肉核は充血しきってコリコリと尖り、せり出してくる……。

(「専門学校生 風祭由希」より)

《読者による解説と感想》

本書に収録されている6編に共通するテーマは『罠』かもしれません。
六者六様の罠が仕掛けられていて、それぞれ獲物が欲望に裏づけされた罠にはまっていく経緯が巧みに描かれています。あらすじはこんな感じです。

「未亡人看護婦 湯本奈津美」
自分を欲望のはけ口にしてるだけなのはわかっているけど・・・。捨てられかけたマゾ奴隷看護婦がとった行動は?

「プログラマー 加倉井翔子」
何故、勤務中に淫らな欲望を感じるようになってしまったの?名前も知らないあの娘のことが気になるのは何故? そして翔子は堕ちていく。

「経理課OL 里中尚美」
私は罰を受けることを望んでたっていうけど、じゃあ私を罠にはめたのは私?
伝票改竄を見つけられた尚美の懲罰願望に終わりはない。

「コンパニオン ミキ」
ふらっと寄った個室ビデオ屋、こんなサービスしてもらえるんなら入会金も安いもの。今日もミキのアヌスを楽しもう・・・。あれ?

「専門学校生 風祭由希」
知合いから紹介された由希は、マゾ奴隷。「こんなお嬢様風の娘が」と驚く和人だったが、次第に深みにはまっていく。

「英語科教師 夏川絵美子」
憧れの女教師がレズだという噂は本当なのか、少年たちの賭けはクラスのマドンナを巻き込んで危ない方向へ・・・。
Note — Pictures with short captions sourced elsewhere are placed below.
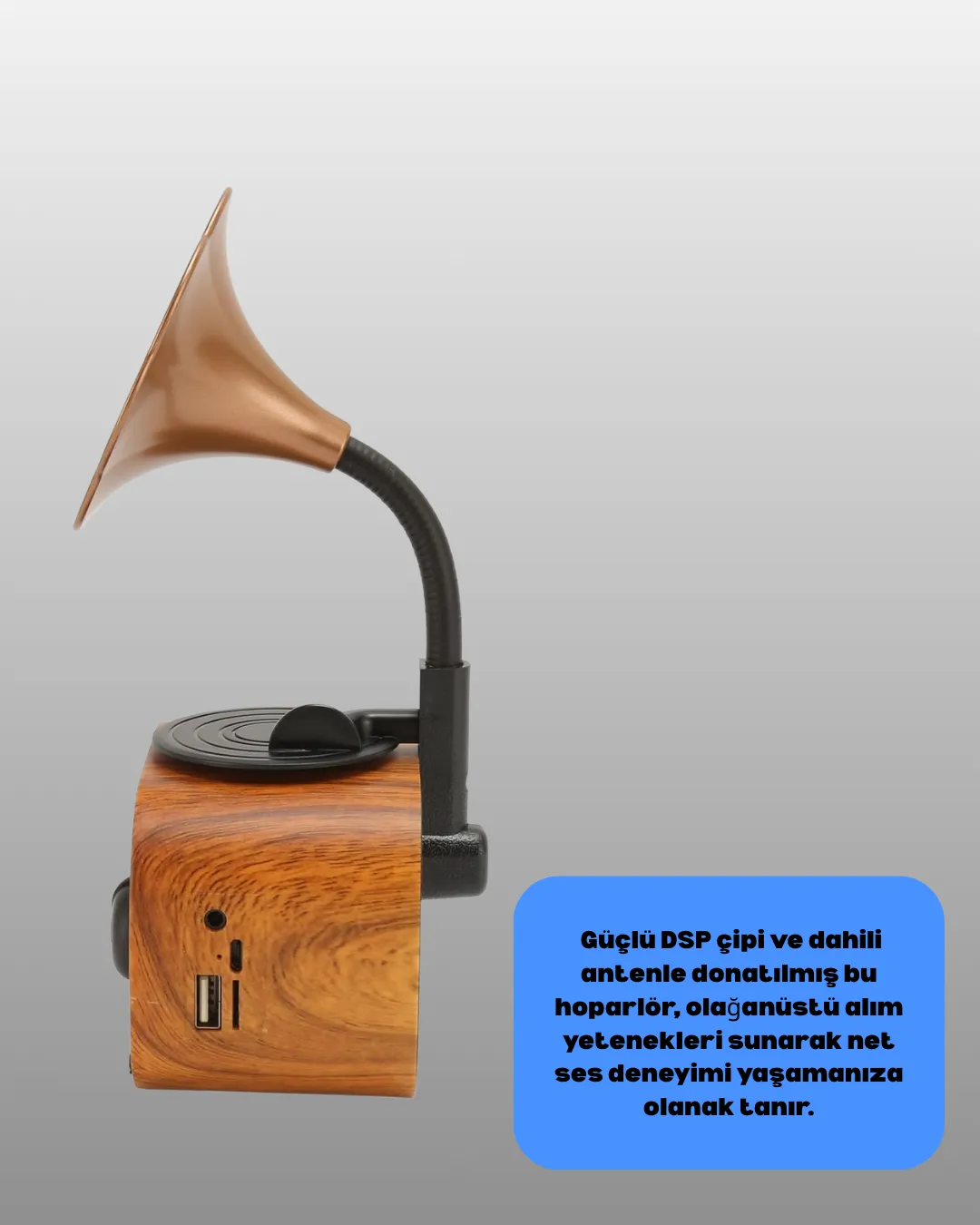 Retro Tasarımlı Mini Bluetooth Hoparlör ve FM Radyo Çoklu Medya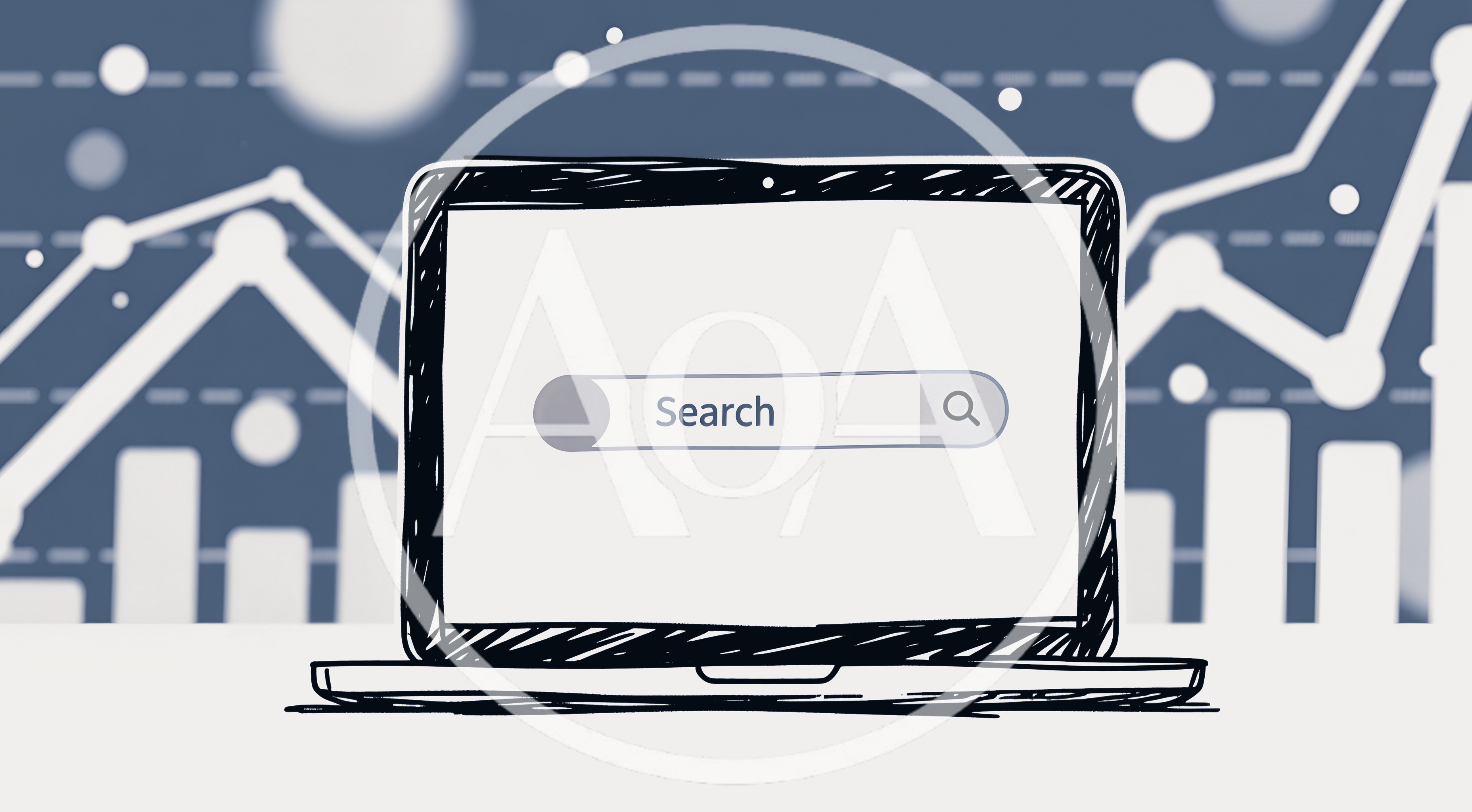 Hand Drawn Laptop With Search Bar Illustration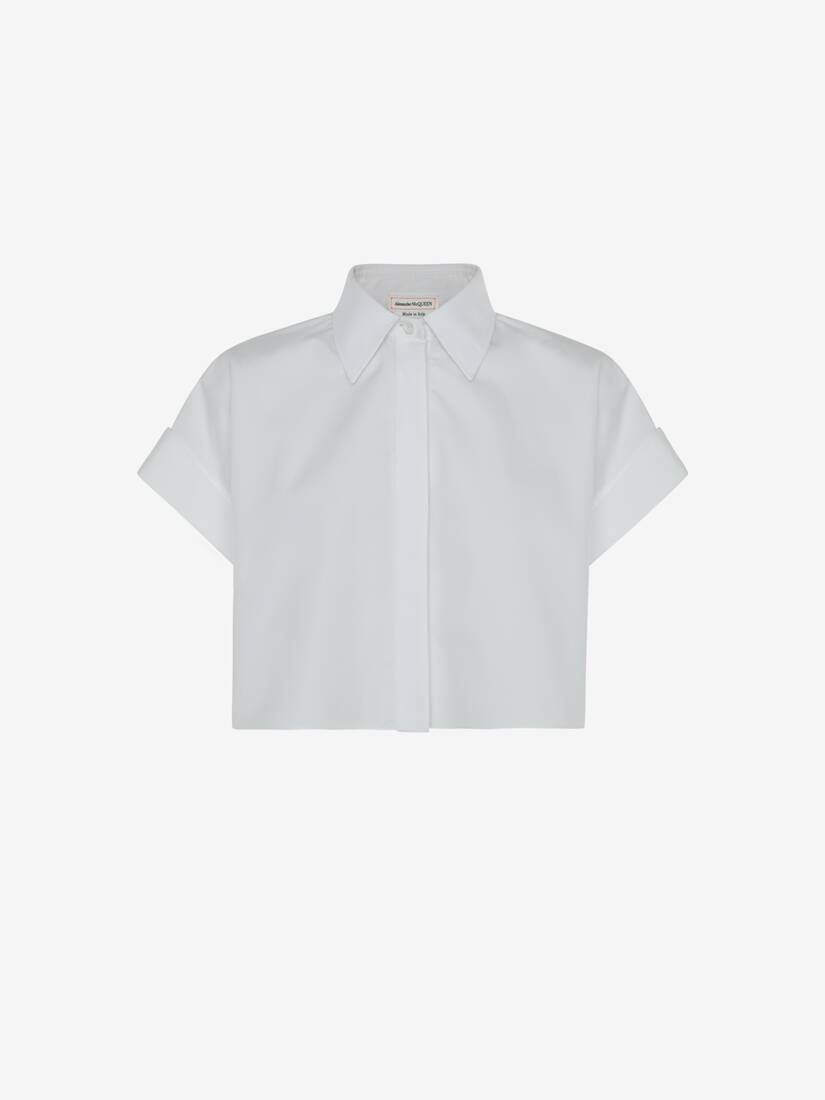 Women's Cropped Boxy Shirt in Optic White - 1
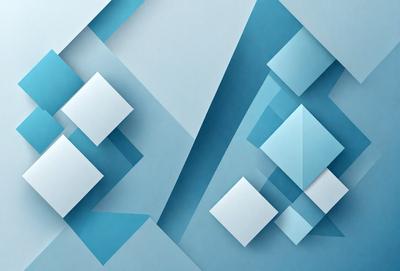 The primary subject of the image is a blue and white geometric pattern. The setting is a blue background, and the visual style appears to be a digital art or illustration. The dominant colors are blue and white, creating a calm and soothing atmosphere.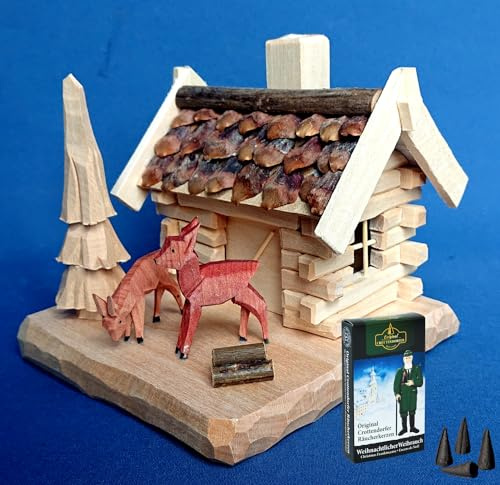 Kunststube Marienberg - Räucherhaus mit Zapfendach & 2 Rehe geschnitzt auf Sockel - Feine Handarbeit aus dem Erzgebirge - inklusive Räucherkerzen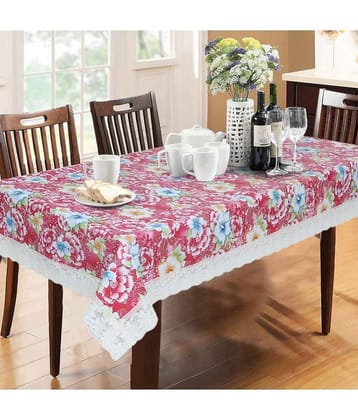 Printed PVC 6 Seater Rectangle Table Cover ( 228 x 152 ) cm Pack of 1 Pink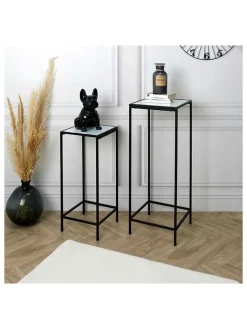Rétro Chic Tische<2er-Set: Beistelltische "Felicity" in Schwarz/ Weiß - (B)34 x (H)90 x (T)34 cm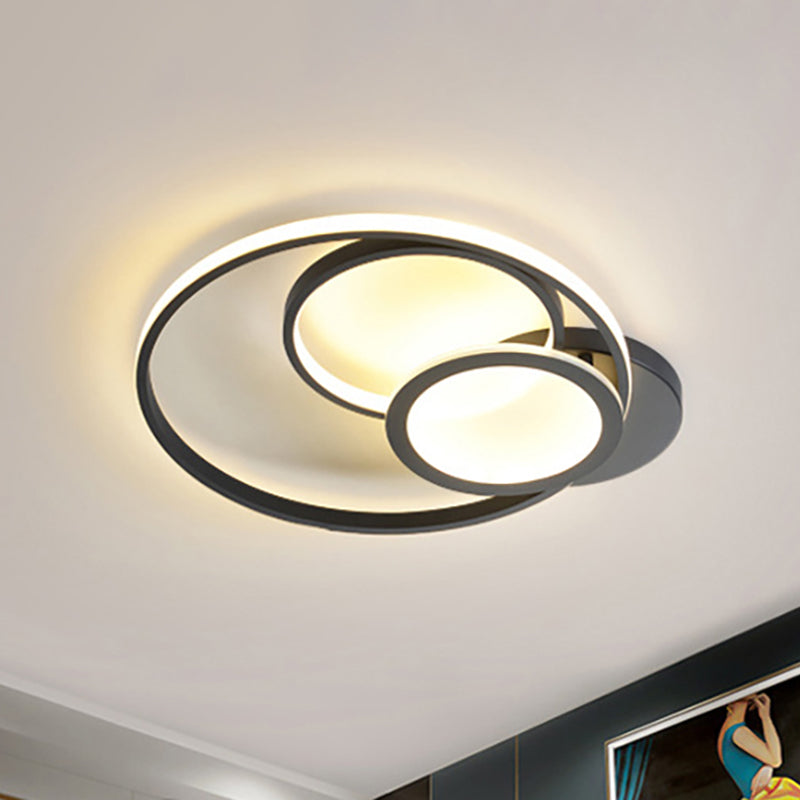 Multi Ring Ceiling Lamp Modern Acrylic Black/White LED Flush Mount Fixture for Bedroom in Warm/White Clearhalo 'Ceiling Lights' 'Close To Ceiling Lights' 'Close to ceiling' 'Flush mount' Lighting' 468579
各作品のタイトルは女性の職業と名前ですが、まさに「調書」ですね。
病院のこと、コンピュータのこと、経理のことなど専門用語も適度に織り交ぜられていますので、とても現実味、臨場感があります。
そして、それぞれ物語はその職種である必然性があるのです。つまり、そんな罠なのです。
また、罠にはまるのがヒロインだけとは限りません。そして、最後の罠にかかる獲 物は「読者」なのでしょう。
館さんの独特な世界「館ワールド」から逃れられなくなる罠、それが本書ではないかと思います。

余談ですが、この『牝犬邪淫調書』というタイトルはその後の館さんの作品の中でも時々登場します。館さんのお気に入りのタイトルなのかな。是非、探してみてください。

堂玄(MLメンバー)

《作者より》

 1989年夏からポルノ文庫戦線に参戦したコスモ出版トマト文庫は、当初、テーマ別のアンソロジーを出していましたが、やがて作家別の短編集を出すようになりました。
 この本はぼくがトマト文庫で出した初めての短編集でした。
 編集者は従来の短編集とは変わった色を出したかったらしく、同じ系列のものを揃えて、原題を消し、女性の名と職業だけをタイトルとしました。
 作家としては苦労してつけたタイトルが消されることは必ずしも嬉しいことではありません。一冊の本になった時はちょっとがっかりしました。
 しかし時間がたってみると、こういうふうな作りにしたのは案外正解だったのかもしれません。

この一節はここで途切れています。